- Unlike other jurisdictions, Winnipeg lacks detailed plans or financial analysis to properly establish charges.
- New charges from development should be designated for new infrastructure.
- Without new development, existing taxpayers must pay higher taxes to support maintaining our city.
Manitoba Home Builders’ Association (MHBA) and the Urban Development Institute (UDI) commissioned a report to provide further context to the Hemson Report.
“Understanding Development in Winnipeg” is a detailed analysis of the state of the City’s development and the potential impacts of the newly tabled by-law to introduce taxes on new development.
The recent report from Hemson Consulting, commissioned by the City of Winnipeg, has based growth fee charges on hastily assembled data supplied by the City.
“We are very concerned with the flaws in the Hemson report,” said Mike Moore, President of the MHBA. “Very few of the infrastructure projects listed in the report can be attributed to new development. As a result, the report’s proposed fees are simply a tax on new housing and new development and will substantially drive up costs to home buyers.”
The MHBA and UDI want to return to a discussion of how cost of development should be funded through the Development Agreement Parameters process in partnership with the City’s Planning, Property and Development Department. The industry groups offered to contribute to the cost of a more encompassing study to form the basis for new agreement parameters but the City declined, choosing to pursue the study independently through the Finance department.
According to the new report by MNP, commissioned by UDI and MHBA:
- New development expands the number and value of properties, enabling the city to grow its assessment base.
- Without new development, the existing tax base must pay higher taxes as the costs of delivering municipal services rise, along with the backlog of needed investments in infrastructure renewal to meet modern regulatory standards and citizens’ expectations.

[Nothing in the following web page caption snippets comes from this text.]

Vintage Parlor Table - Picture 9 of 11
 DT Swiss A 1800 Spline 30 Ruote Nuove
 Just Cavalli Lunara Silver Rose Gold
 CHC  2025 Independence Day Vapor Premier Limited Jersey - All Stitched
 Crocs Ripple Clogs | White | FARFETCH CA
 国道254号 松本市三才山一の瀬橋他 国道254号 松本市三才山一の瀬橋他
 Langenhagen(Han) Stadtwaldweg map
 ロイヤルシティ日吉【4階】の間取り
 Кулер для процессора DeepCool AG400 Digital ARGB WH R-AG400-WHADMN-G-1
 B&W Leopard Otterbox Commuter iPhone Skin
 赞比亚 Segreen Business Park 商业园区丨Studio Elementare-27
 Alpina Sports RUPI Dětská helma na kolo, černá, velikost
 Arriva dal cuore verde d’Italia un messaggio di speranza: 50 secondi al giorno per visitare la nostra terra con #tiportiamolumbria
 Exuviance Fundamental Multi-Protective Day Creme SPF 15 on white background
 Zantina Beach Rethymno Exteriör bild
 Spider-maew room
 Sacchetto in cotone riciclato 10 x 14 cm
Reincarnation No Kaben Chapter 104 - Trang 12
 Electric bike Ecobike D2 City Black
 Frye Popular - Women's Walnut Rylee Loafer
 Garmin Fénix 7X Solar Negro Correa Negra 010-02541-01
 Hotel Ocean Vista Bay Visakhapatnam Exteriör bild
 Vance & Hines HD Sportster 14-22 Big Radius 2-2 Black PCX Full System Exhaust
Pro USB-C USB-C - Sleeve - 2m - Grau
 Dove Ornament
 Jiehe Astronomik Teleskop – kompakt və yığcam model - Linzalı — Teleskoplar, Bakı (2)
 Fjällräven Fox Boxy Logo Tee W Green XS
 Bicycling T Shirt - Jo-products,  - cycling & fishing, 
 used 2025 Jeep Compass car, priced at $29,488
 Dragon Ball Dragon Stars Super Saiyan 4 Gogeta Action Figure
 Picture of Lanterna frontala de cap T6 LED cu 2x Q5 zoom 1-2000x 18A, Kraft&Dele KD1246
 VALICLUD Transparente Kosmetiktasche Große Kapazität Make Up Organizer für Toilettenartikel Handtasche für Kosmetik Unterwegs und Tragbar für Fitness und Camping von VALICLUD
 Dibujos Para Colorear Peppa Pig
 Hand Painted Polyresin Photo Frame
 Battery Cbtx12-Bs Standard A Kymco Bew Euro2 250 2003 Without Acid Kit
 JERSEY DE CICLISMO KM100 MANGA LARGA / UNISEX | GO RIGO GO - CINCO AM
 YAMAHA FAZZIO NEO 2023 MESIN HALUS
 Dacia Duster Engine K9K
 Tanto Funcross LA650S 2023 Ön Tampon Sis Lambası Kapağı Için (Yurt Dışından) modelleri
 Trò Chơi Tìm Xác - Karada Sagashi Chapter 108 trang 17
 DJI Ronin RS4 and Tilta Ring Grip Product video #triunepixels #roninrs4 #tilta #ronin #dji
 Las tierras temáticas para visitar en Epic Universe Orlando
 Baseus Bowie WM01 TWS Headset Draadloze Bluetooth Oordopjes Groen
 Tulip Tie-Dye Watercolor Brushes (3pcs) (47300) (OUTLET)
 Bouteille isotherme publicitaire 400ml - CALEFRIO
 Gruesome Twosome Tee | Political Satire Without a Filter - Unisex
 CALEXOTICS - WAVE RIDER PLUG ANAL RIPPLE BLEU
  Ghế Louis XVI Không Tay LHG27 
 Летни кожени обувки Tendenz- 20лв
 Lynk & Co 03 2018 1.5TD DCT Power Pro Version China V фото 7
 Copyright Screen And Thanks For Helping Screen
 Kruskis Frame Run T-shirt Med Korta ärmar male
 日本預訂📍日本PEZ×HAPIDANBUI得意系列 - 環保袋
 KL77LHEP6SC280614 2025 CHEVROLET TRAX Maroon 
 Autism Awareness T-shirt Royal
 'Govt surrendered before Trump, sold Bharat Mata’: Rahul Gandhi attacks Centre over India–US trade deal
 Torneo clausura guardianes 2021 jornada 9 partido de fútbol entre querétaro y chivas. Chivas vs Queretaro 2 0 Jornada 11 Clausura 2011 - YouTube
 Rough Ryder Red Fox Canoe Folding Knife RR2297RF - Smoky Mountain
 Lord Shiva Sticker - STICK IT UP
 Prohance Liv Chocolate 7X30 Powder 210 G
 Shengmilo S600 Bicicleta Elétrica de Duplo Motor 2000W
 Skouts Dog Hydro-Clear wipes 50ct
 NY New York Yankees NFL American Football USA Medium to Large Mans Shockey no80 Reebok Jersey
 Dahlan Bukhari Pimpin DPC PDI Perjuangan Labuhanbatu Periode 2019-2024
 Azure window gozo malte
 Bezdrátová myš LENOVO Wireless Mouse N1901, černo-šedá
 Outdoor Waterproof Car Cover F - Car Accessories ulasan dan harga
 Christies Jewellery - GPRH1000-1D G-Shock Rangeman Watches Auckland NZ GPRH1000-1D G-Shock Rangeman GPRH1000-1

- New homes are generally assessed at a much higher value than the ‘average home’ in Winnipeg and thus contribute a larger share of municipal revenue than the average home. New homes built from 2006-2015 are estimated to have contributed about $200 million in new assessment revenue, and continue to add $33.6 million to city coffers per year. New businesses in commercial developments also pay the business tax.
- As the total cost of ownership increases in the city, new homebuyers will look outside of Winnipeg. Surrounding municipalities are growing at over two times the rate of Winnipeg. If new homebuyers choose a home outside the city, new assessment revenue is lost. To further exacerbate this, these individuals and families use Winnipeg infrastructure without providing the taxes that support their maintenance.
- In contrast to ‘urban sprawl’ (low density, homogenous, single use developments disconnected from the existing development), developers have embraced principles espoused in OurWinnipeg, including mixed land use, a range of housing opportunities, walkable neighbourhoods, and attractive communities with a strong sense of place.
- New development provides modern infrastructure that is necessary to support and attract population growth.
“New development is an integral part of renewing and growing our city,” said Eric Vogan, President of the Manitoba chapter of the UDI. “It is critical that the city administration take the time to flesh out development charges that will support long term growth, and not rush to put through a tax that will cripple growth.”
Moore concluded: “Our industry wants to work with the City to ensure costs can be fairly and accurately allocated to development, but we have to work together or it won’t work.”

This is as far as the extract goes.